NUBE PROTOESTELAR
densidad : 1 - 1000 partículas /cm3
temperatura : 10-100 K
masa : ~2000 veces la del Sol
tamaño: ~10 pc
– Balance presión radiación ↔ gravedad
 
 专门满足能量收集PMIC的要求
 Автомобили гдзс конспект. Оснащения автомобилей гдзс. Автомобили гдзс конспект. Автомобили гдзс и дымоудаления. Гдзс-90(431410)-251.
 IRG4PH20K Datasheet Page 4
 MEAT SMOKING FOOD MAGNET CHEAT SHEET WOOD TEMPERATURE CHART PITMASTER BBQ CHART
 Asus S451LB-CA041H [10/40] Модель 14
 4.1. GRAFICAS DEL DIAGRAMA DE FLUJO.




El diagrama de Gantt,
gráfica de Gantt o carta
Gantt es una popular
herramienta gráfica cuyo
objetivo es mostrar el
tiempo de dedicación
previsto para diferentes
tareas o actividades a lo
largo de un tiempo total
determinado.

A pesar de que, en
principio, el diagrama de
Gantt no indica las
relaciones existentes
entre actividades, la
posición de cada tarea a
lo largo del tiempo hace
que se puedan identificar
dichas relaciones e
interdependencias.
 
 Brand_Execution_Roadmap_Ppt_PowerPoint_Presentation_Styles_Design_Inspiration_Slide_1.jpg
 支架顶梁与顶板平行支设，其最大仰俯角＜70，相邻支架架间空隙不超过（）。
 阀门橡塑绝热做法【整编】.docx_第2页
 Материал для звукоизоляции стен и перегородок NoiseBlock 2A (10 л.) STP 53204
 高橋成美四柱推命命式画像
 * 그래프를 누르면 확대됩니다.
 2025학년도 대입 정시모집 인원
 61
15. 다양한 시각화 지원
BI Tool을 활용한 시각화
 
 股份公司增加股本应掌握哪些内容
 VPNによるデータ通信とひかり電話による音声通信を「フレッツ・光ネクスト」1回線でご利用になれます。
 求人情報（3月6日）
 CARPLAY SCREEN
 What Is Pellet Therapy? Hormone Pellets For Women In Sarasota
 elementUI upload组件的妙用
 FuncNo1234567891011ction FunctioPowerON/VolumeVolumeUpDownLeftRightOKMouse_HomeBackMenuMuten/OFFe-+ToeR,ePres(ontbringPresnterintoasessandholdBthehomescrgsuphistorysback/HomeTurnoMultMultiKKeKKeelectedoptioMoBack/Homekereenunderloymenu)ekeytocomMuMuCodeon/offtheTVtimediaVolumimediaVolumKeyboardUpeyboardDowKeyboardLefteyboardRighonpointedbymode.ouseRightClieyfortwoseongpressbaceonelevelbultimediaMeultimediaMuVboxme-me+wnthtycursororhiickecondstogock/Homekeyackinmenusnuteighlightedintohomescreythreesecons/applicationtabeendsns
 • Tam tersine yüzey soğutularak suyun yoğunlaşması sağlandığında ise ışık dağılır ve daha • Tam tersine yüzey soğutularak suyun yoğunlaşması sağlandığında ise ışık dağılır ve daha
=-=-=
■ **PROBLEM STATEMENT**
Reproduce word for word the material above, starting with the line that has "Материал для звукоизоляции" and stopping after the line that has "CARPLAY SCREEN".

■ **ANSWER SPACE**
 Материал для звукоизоляции стен и перегородок NoiseBlock 2A (10 л.) STP 53204
 高橋成美四柱推命命式画像
 * 그래프를 누르면 확대됩니다.
 2025학년도 대입 정시모집 인원
 61
15. 다양한 시각화 지원
BI Tool을 활용한 시각화
 
 股份公司增加股本应掌握哪些内容
 VPNによるデータ通信とひかり電話による音声通信を「フレッツ・光ネクスト」1回線でご利用になれます。
 求人情報（3月6日）
 CARPLAY SCREEN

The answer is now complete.